- _Directions_: Return the lines that run from the line containing "Used 2018 Honda Accord EX image 25" through the end of the entries, both ends included. Leave out all pictures.

(Pictures with short captions)
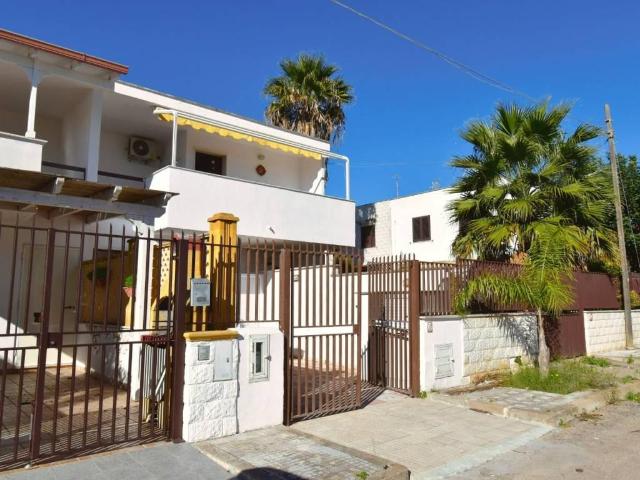 Villetta a schiera in vendita a Porto Cesareo LE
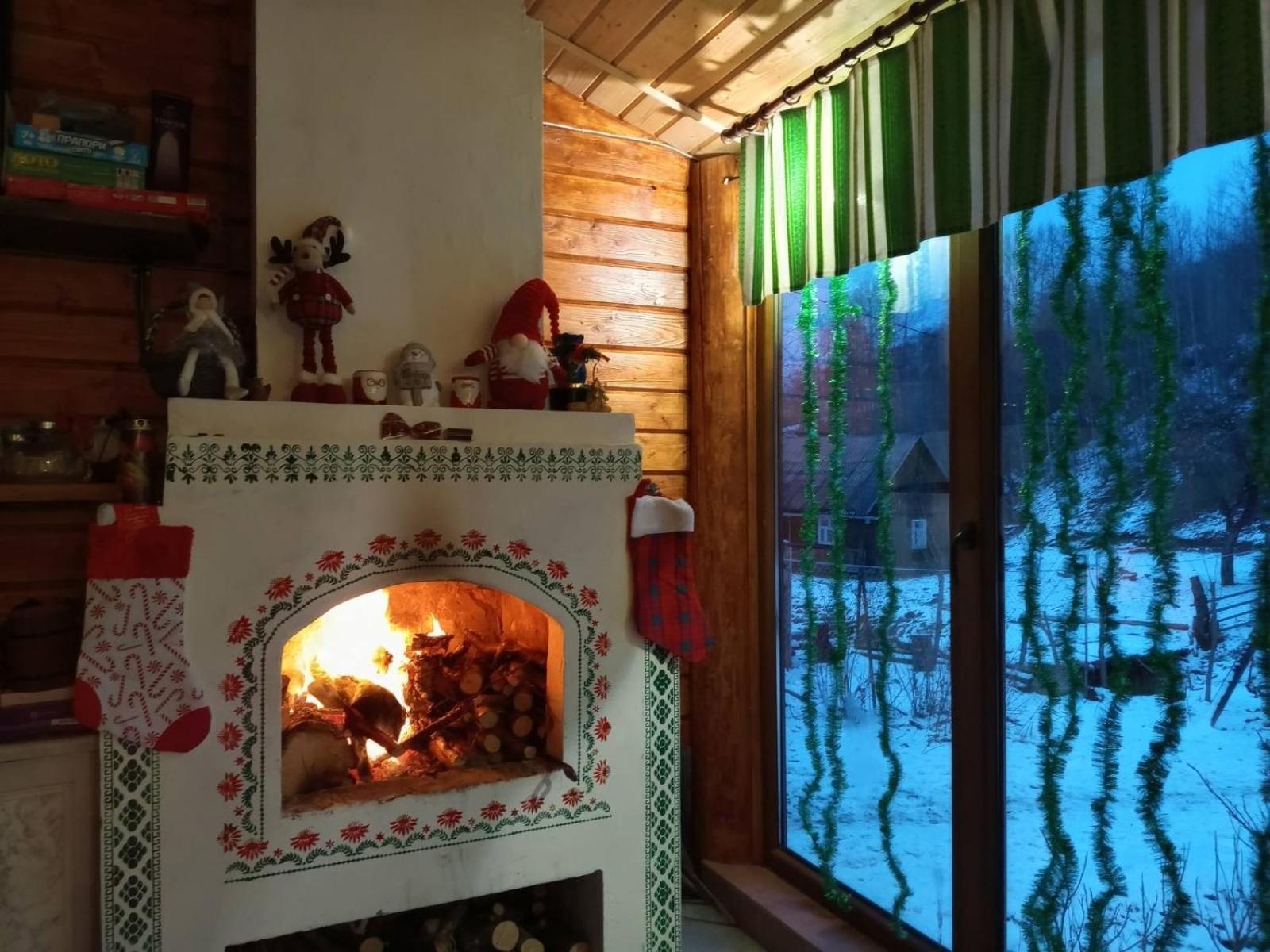 Gostynnyi Dvir U Marichky Hotel Lazeshchyna Eksteriør billede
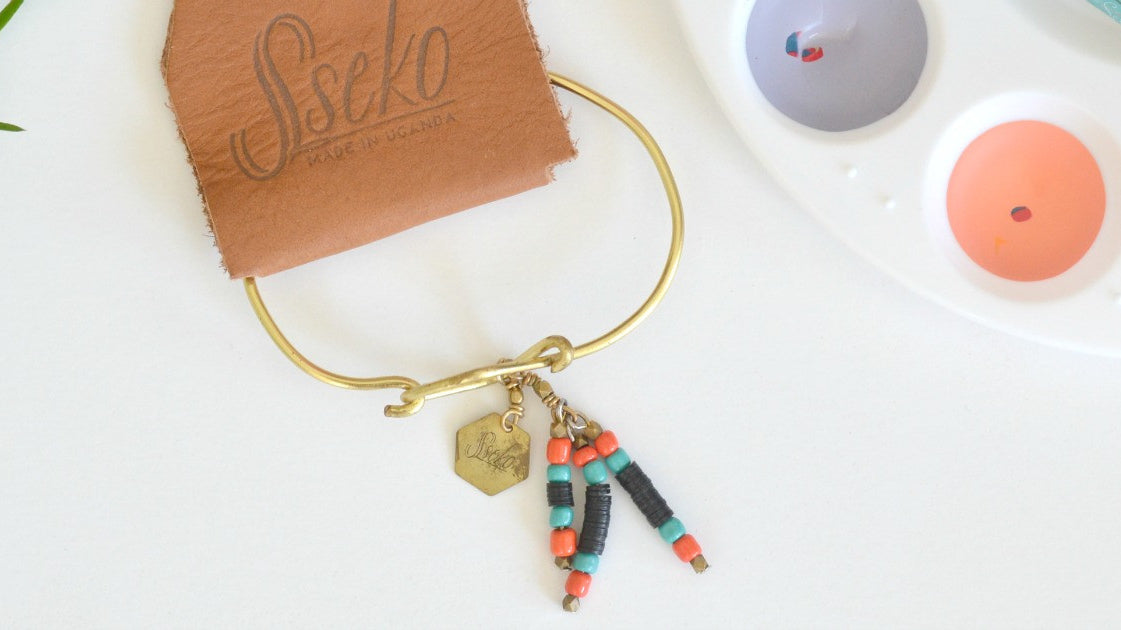 Sseko Designs Giveaway! {comment here to enter}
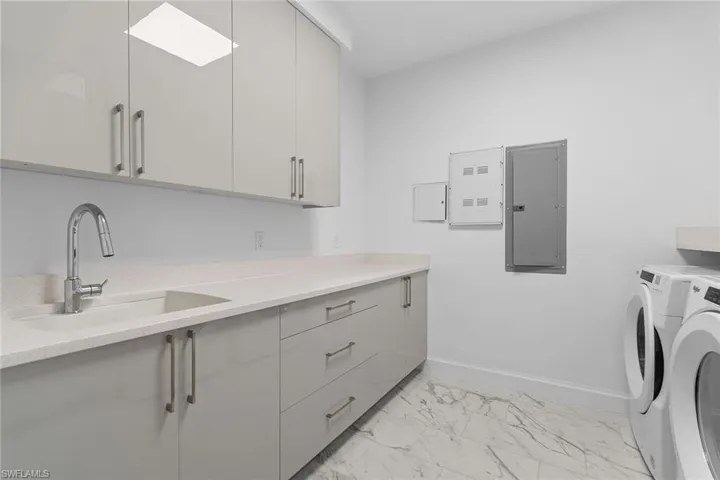 1125 Central Ave # 566, Naples, Florida 34102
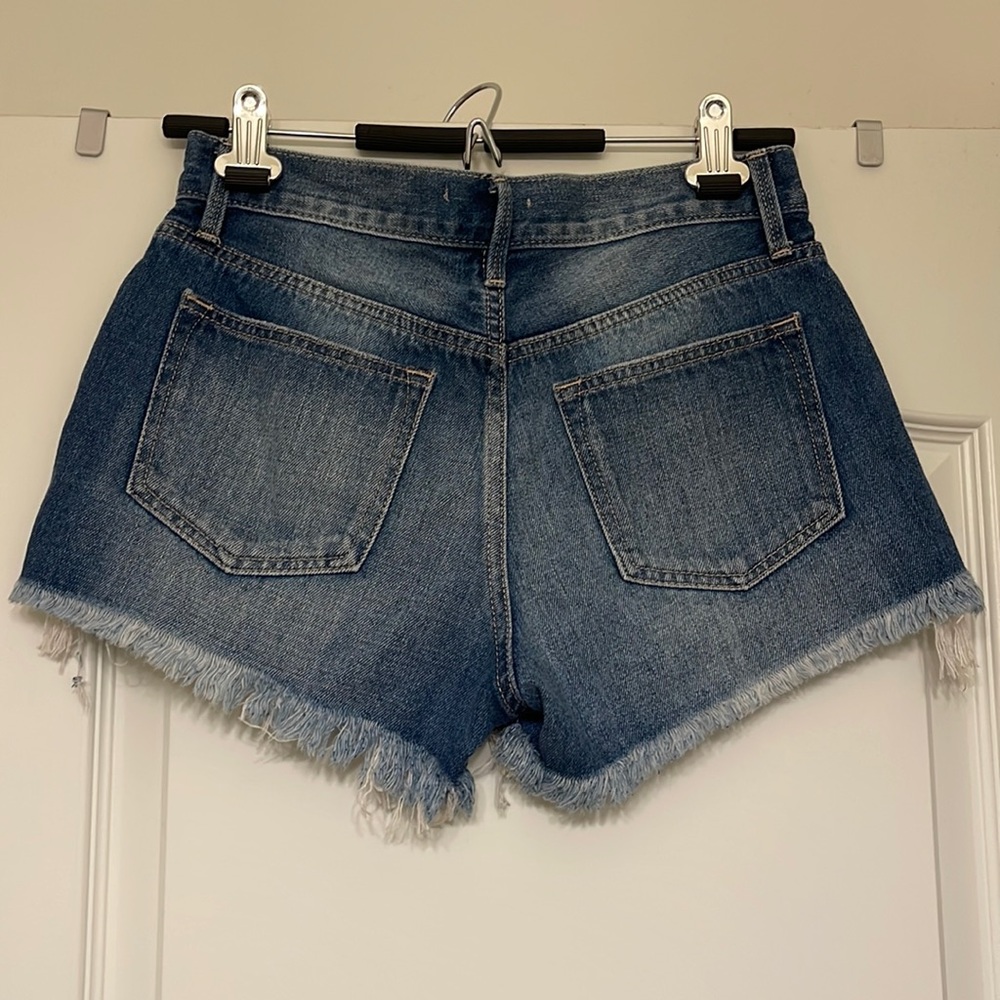 deja vu jean shorts
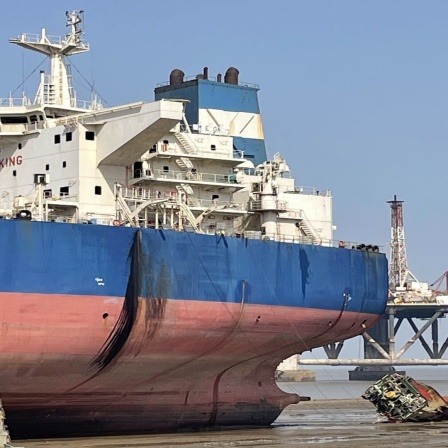 Schrottschiff liegt in Alang, Westküste von Indien 
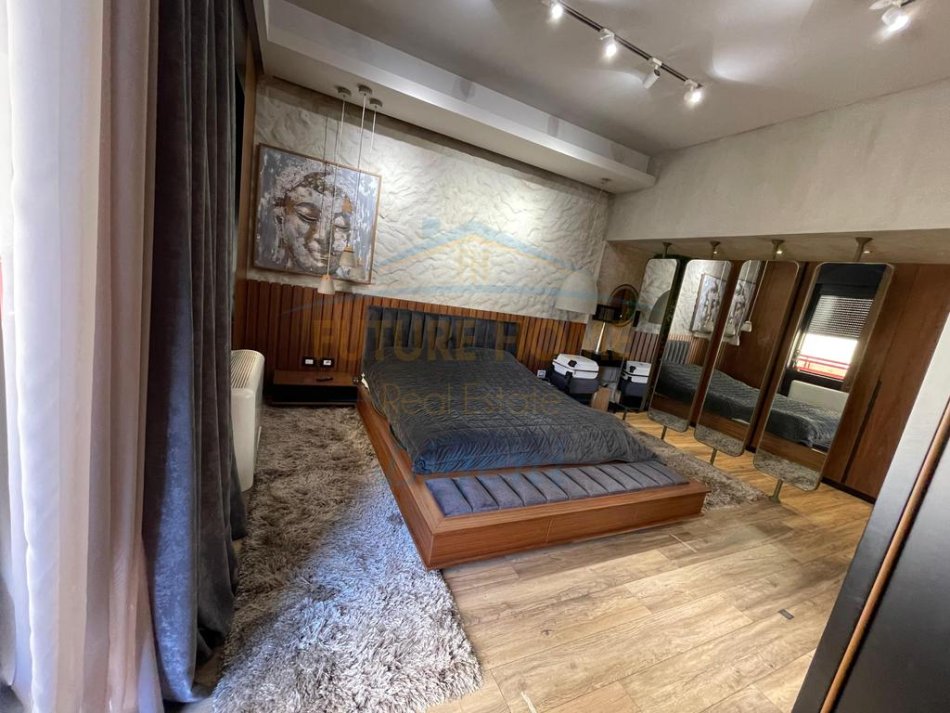 Qera, Duplex 3+1+3, Liqeni i Thate, Tiranë.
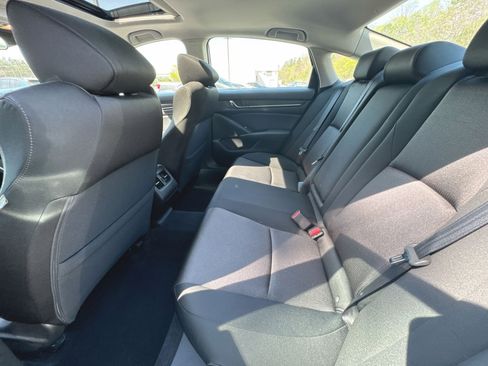 Used 2018 Honda Accord EX image 25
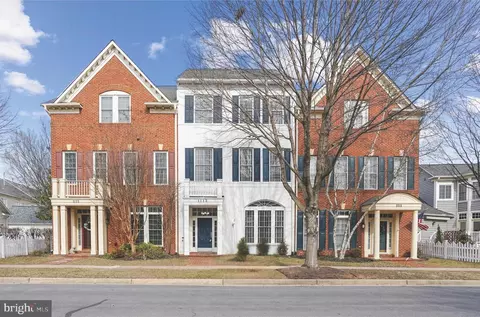 1113 Pleasant Dr, Rockville, MD 20850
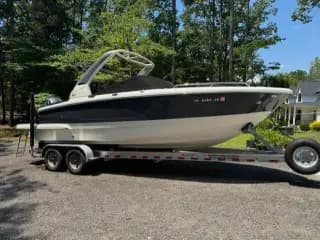 2022 Chaparral 267 SSX OB - Immaculate Bowrider with Factory Warranty - Thumbnail 3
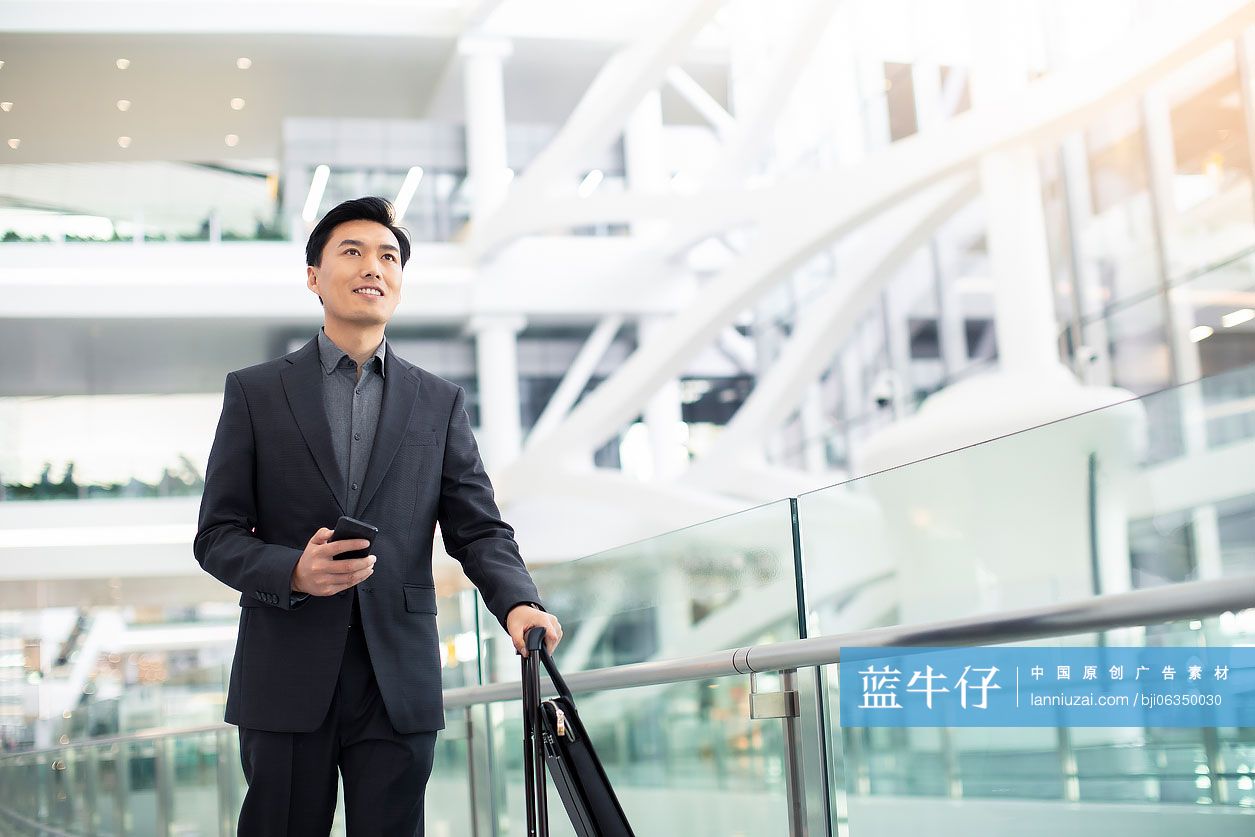 成功商务男士在机场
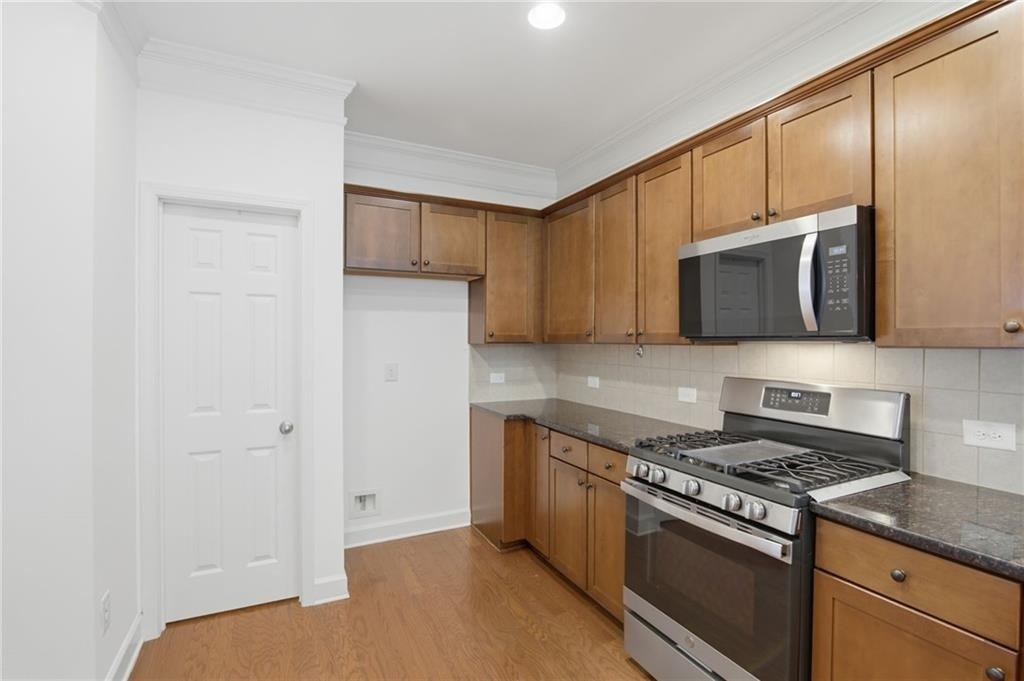 4875 Shiloh Crossing Way - Photo 16
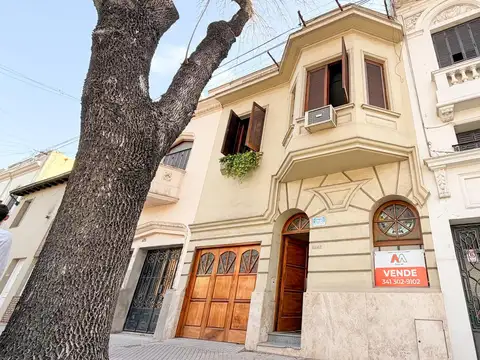 CASA DE 3 DORMITORIOS VENTA JARDIN CON PARRILLERO ABASTO ROSARIO
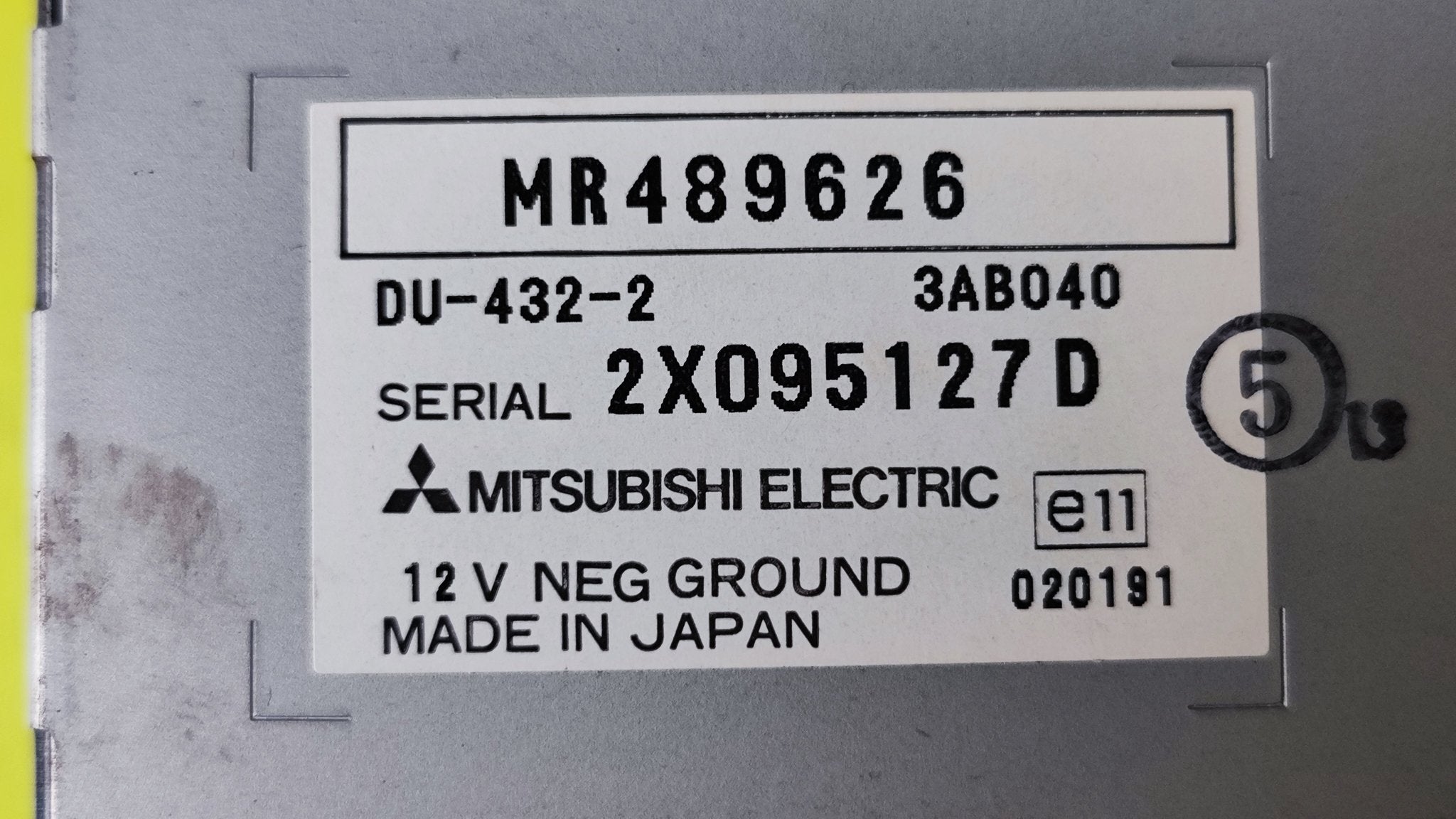 MR489626 Monitor display Mitsubishi Space Runner Space Wagon - Debiautomotive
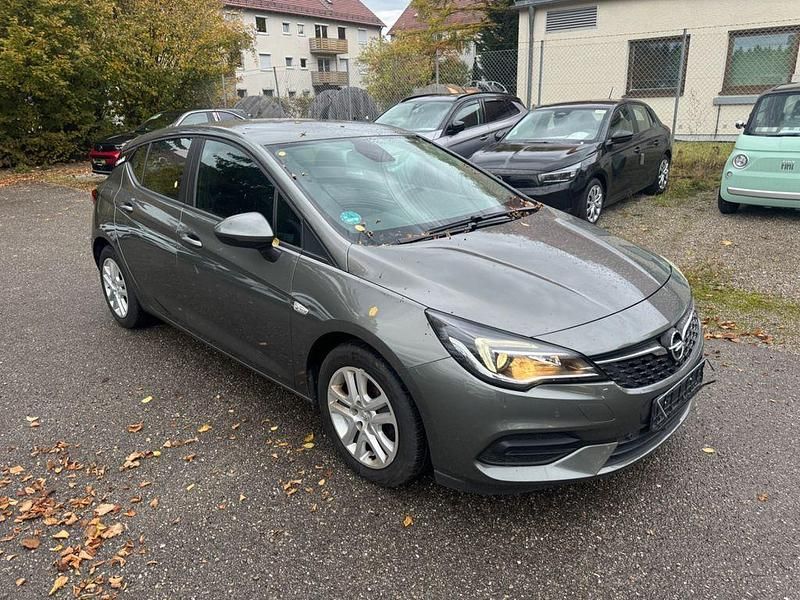Gebraucht Opel Astra Basis 110 PS (80 kW) 2020 Weiß Limousine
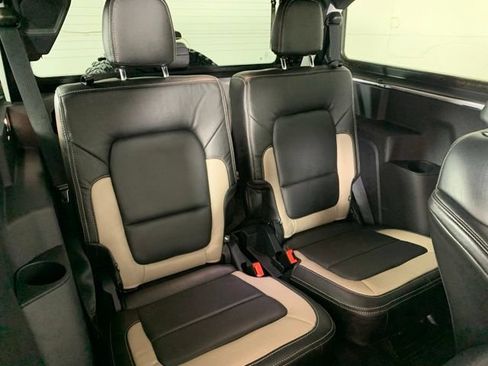 Used 2023 Ford Bronco 2-Door AWD/4WD image 24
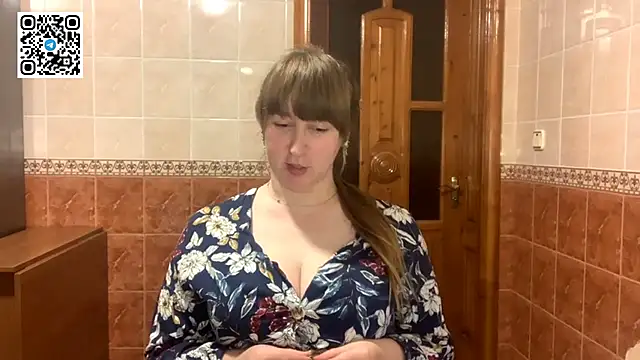 MaroonMoon  online show from November 22, 8:51 pm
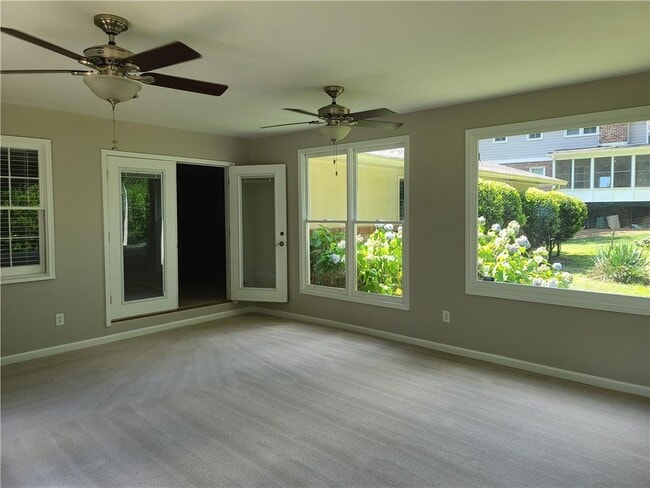 Primary Photo - 2520 Riverglenn Cir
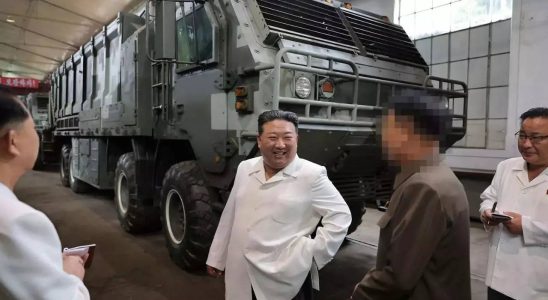 Nordkoreas Machthaber Kim Jong Un besucht Militaerfabriken darunter Raketenfabriken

- _Written reply_:
 Used 2018 Honda Accord EX image 25
 1113 Pleasant Dr, Rockville, MD 20850
 2022 Chaparral 267 SSX OB - Immaculate Bowrider with Factory Warranty - Thumbnail 3
 成功商务男士在机场
 4875 Shiloh Crossing Way - Photo 16
 CASA DE 3 DORMITORIOS VENTA JARDIN CON PARRILLERO ABASTO ROSARIO
 MR489626 Monitor display Mitsubishi Space Runner Space Wagon - Debiautomotive
Gebraucht Opel Astra Basis 110 PS (80 kW) 2020 Weiß Limousine
 Used 2023 Ford Bronco 2-Door AWD/4WD image 24
 MaroonMoon  online show from November 22, 8:51 pm
 Primary Photo - 2520 Riverglenn Cir
 Nordkoreas Machthaber Kim Jong Un besucht Militaerfabriken darunter Raketenfabriken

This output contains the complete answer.